Diseconomies of scale are caused by growth spurts that require new equipment and processes that cost extra money and disturb established production systems.
- Continuity. It takes less energy to keep an engine running than to start it once it's cold. Similarly, it takes fewer resources to keep your production line producing once it's up and running than to shut it down and start it up again to manufacture small batches.
- Leveraging overhead. If your rent is $1,000 per month and you only manufacture one unit, your rent cost per unit is $1,000. However, if you manufacture 10,000 units, your rent cost per unit is 10 cents. As your company grows, you will reap similar cost advantages in everything from human resources staffing to automobile expenses.
- Buying in bulk. Your company will enjoy volume discounts as you buy materials and supplies in greater bulk. This economy of scale can translate to higher margins or better prices for your customers, increasing sales volume.
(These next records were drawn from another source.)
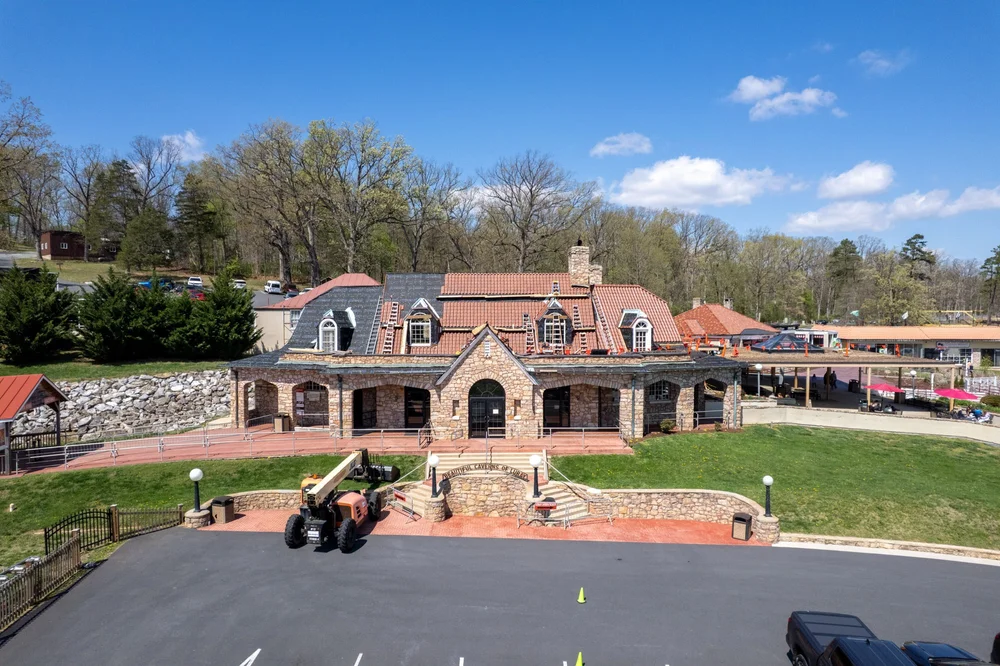 commercial roof replacement contractor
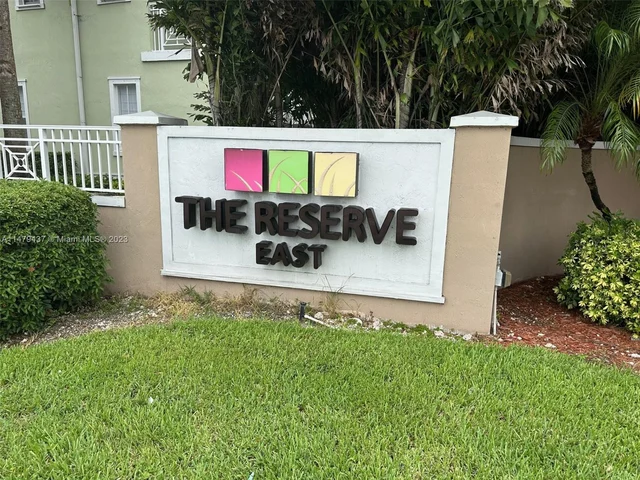 10701 NW 76th Ln # 10701, Doral FL 33178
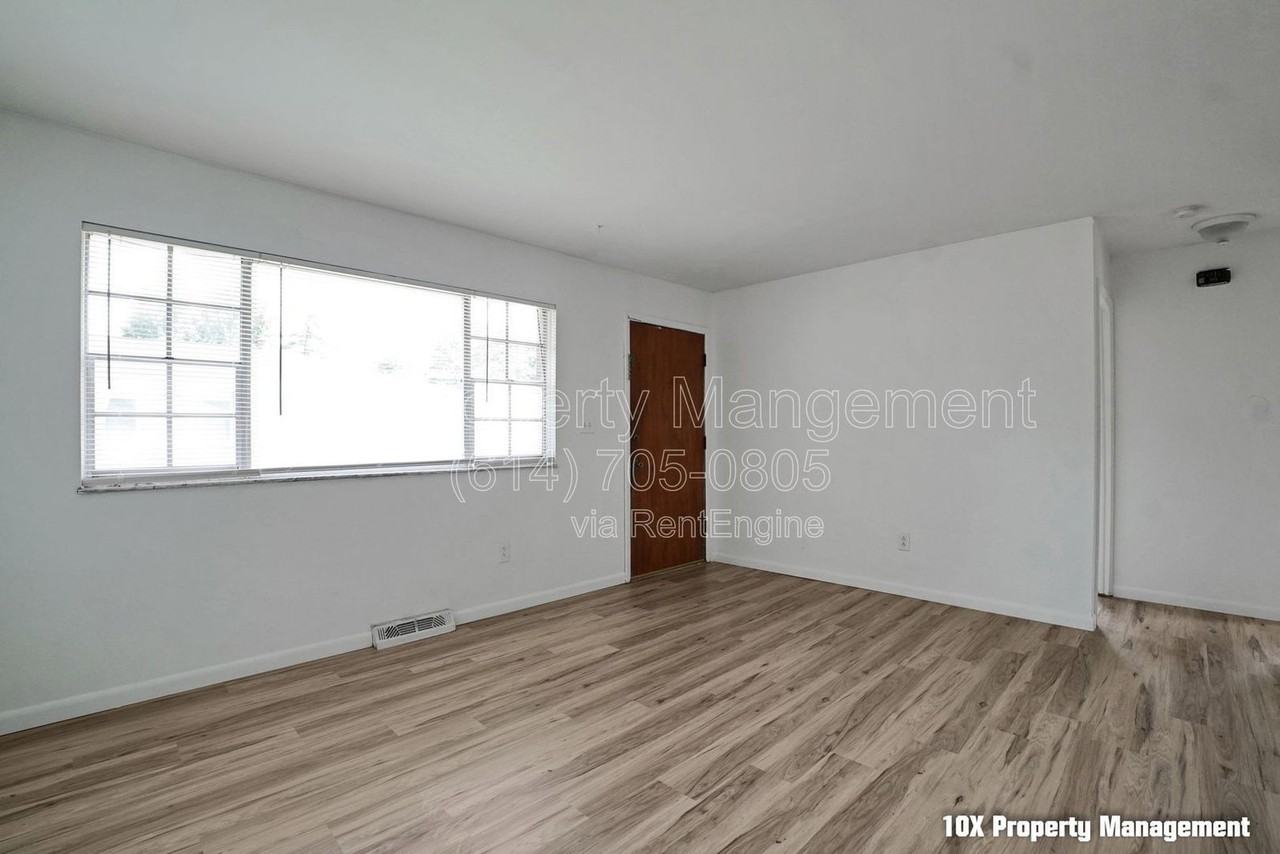 92 Cherrington Rd - Photo 7 of 25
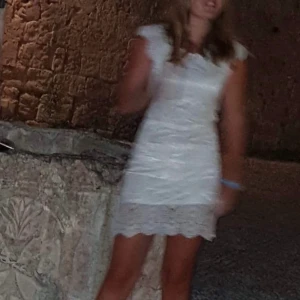 Spetsklänning - Vit fin Spetsklänning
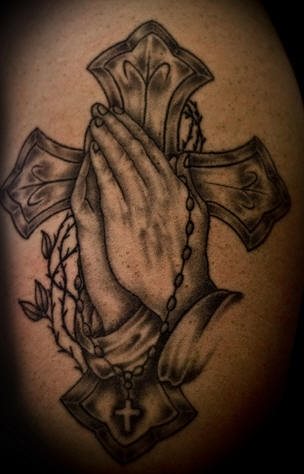 tatuaggio mani preghiere 1003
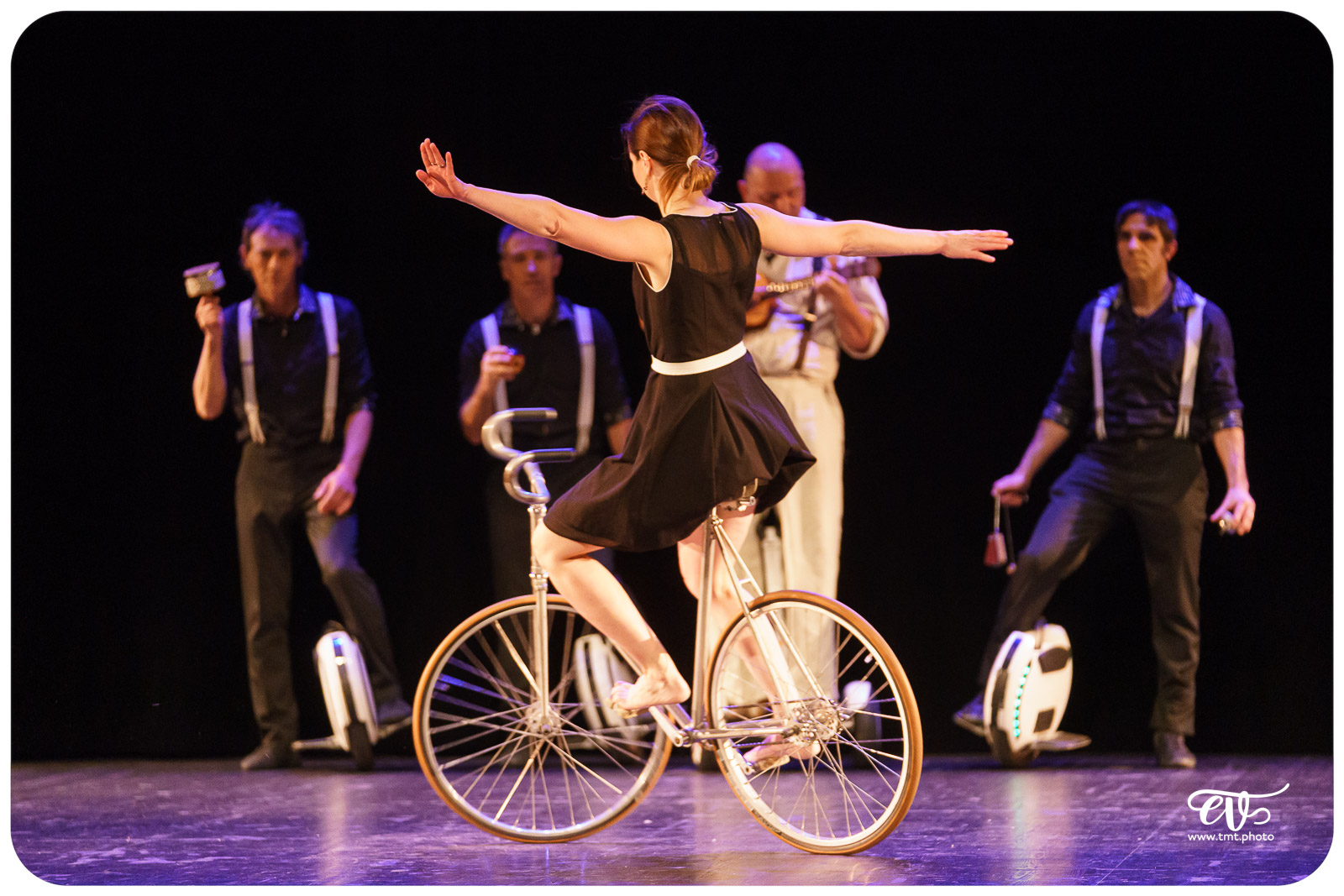 ExCENTRIQUES (CIE LES ACROSTICHES)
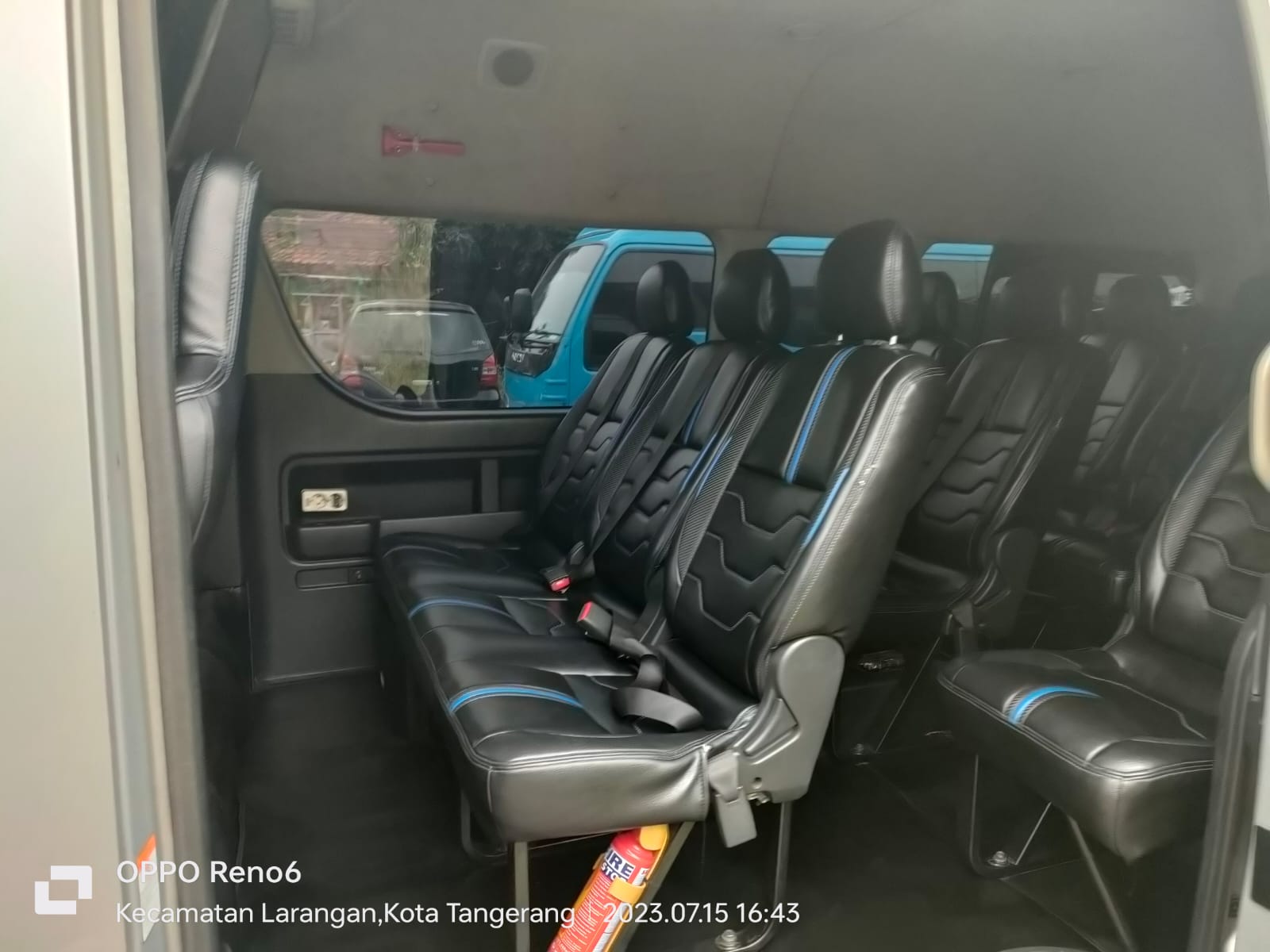 Toyota Hiace Commuter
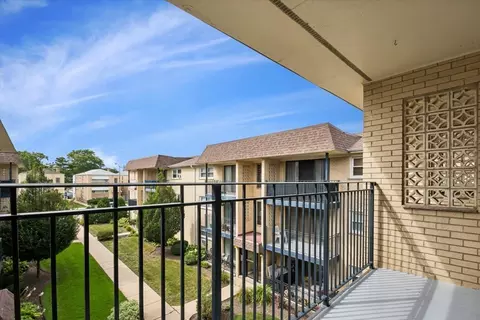Exterior - 6551 N Harlem Ave #3S, Chicago, IL 60631 photo 2 of 3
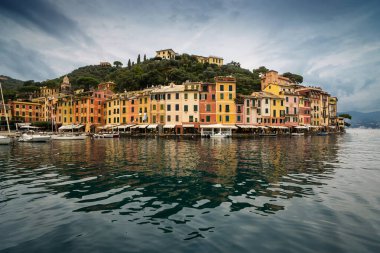 Portofino, Liguria, İtalya 'ya bak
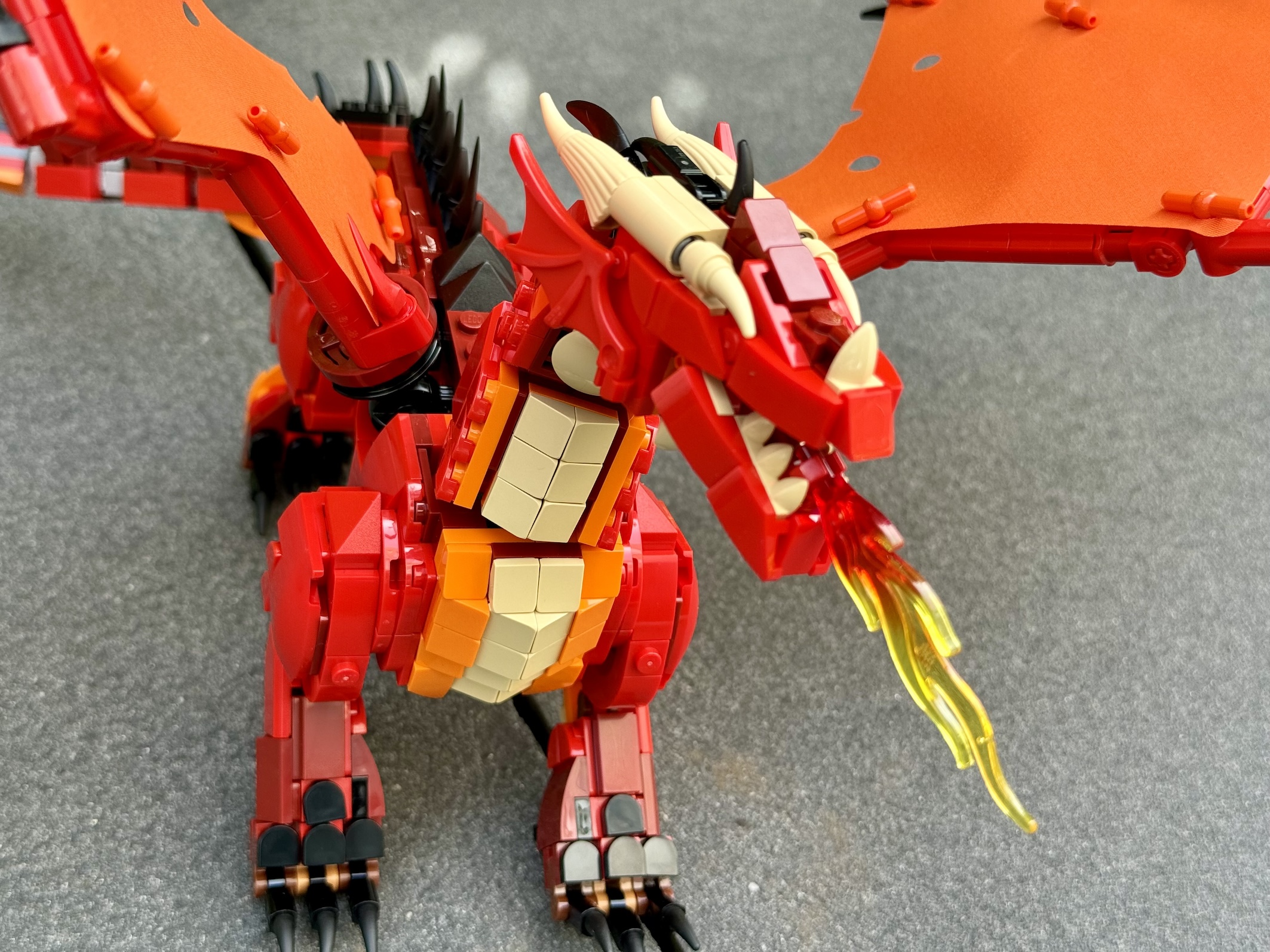 lego 21348 dungeon's and dragons red dragon's tale00146
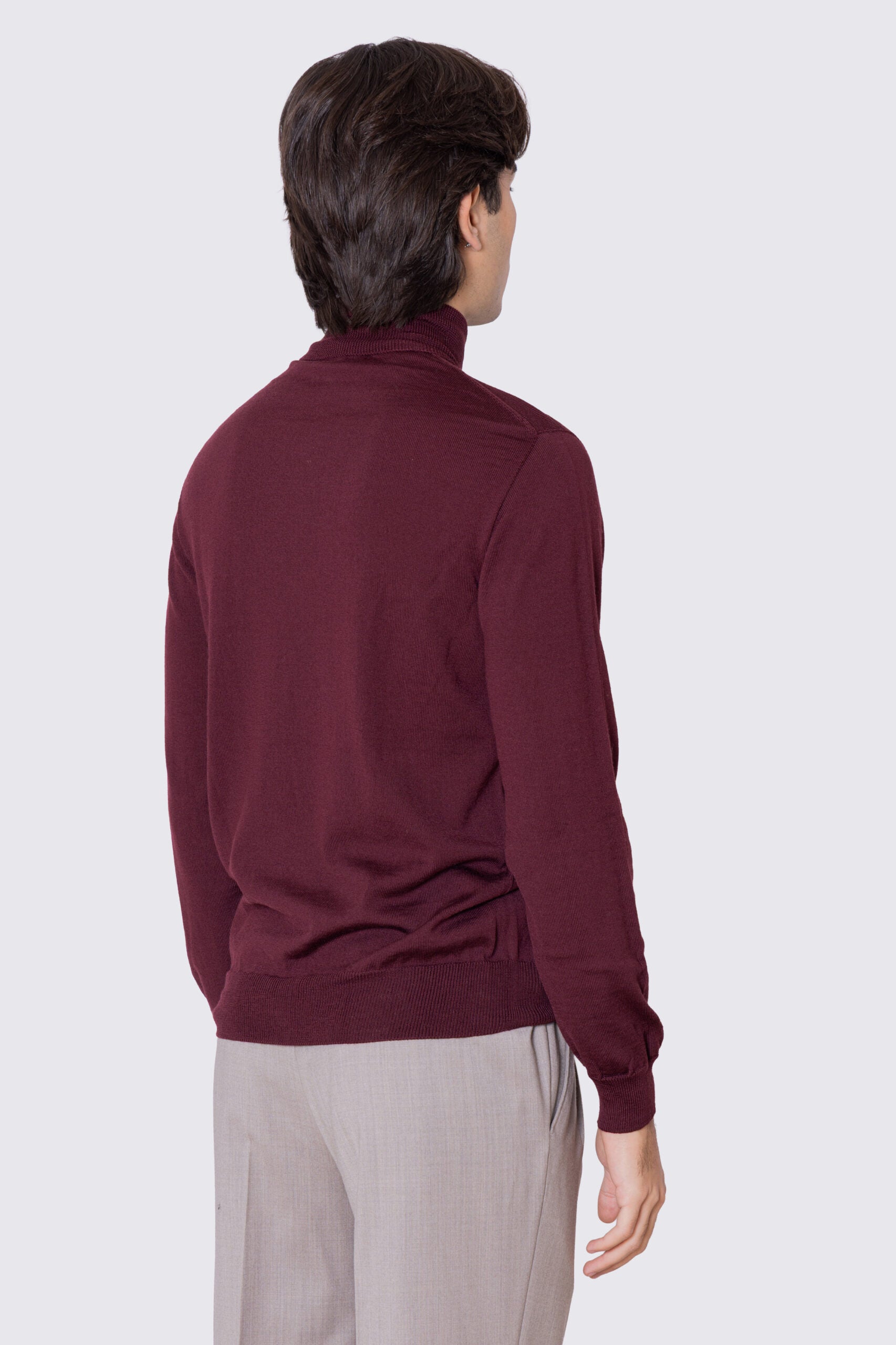 Dolcevita Bordeaux in lana merinos 100% costruzione tubolare senza cuciture rifinito a mano tinta unita con elastici sulle maniche e sul fondo Finezza 12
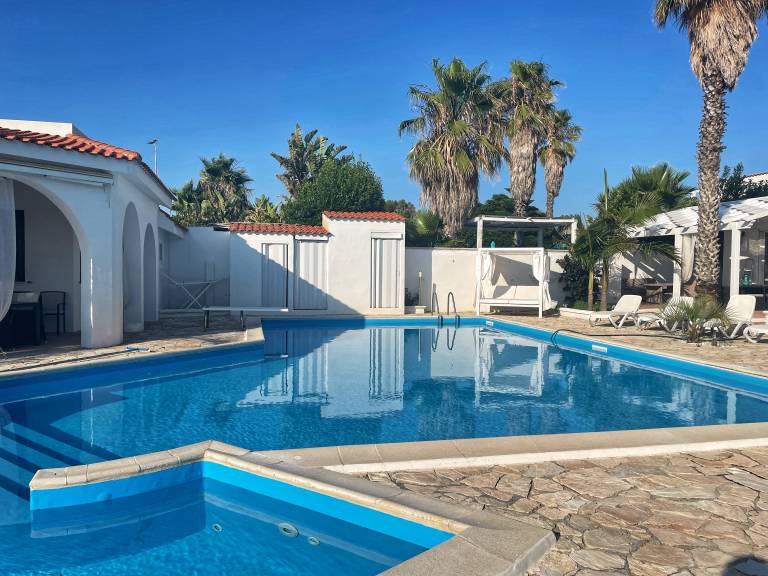 Holiday apartment with pool, barbecue & garden — photo 3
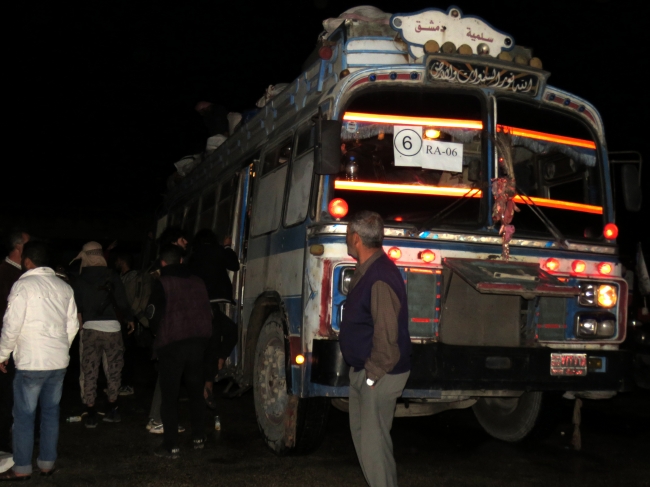 Suriye'de rejim ablukasından zorunlu tahliyeler sürüyor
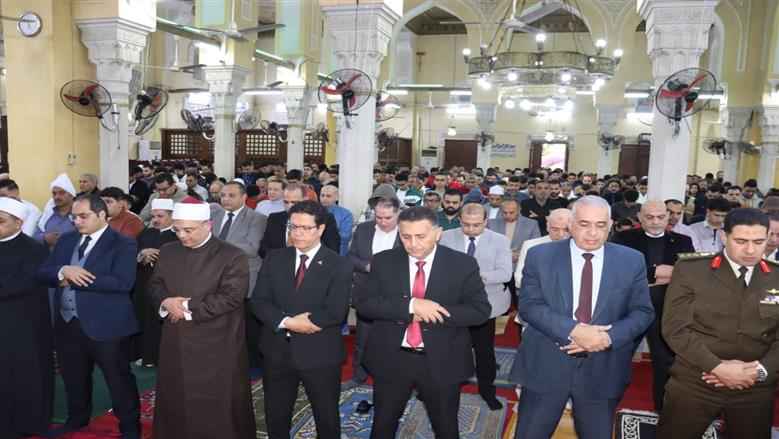 محافظ القليوبية يؤدي صلاة عيد الفطر بمسجد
Business growth comes in spurts and plateaus. When your company is expanding rapidly, the systems and equipment that have served you well in the past may no longer prove as useful. You may have been using a payroll database that worked well with 15 employees but has grown cumbersome now that you're writing 50 paychecks. Aside from stretching the resources you've developed to the point where they malfunction or break down, growth may force you to invest heavily in new solutions.
The causes of managerial diseconomies of scale are linked to the difficulty of effectively knowing and understanding everyone on your staff as your business grows. In addition to the employee alienation that can grow out of not being known personally by supervisors and company decision makers, a growing business faces the challenge of not knowing how to leverage its employees' best qualities. A higher ratio of employees to managers means that supervisors may not know who works most efficiently and who works most thoroughly.
Inventory diseconomies of scale come from the difficulty of being able to predict what materials your company needs as you produce more volume and operations become more complex. In a smaller company, over-ordering may be a matter of a handful of items and a few hundred dollars. In a larger business, you may end up paying for pallets full of materials that go to waste, especially if these items are customized and your processes and products change.
Real-life examples of diseconomies of scale often show a business reaping advantages from growth until it reaches a point where these advantages turn into disadvantages. A company may reap economies of scale by using its equipment to the fullest rather than investing in new machines, but once this equipment is operating at full capacity, it is possible to lose business by not being able to produce more.
The solution may be to expand capacity by buying new equipment, but this introduces the diseconomy of major investments that you may not yet be able to utilize to their fullest. In a perfect world, a business would be able to find the ideal scale on which to operate and stay at that level indefinitely. In the real world, each company needs to explore these issues as they unfold and develop solutions appropriate to its current size and scope.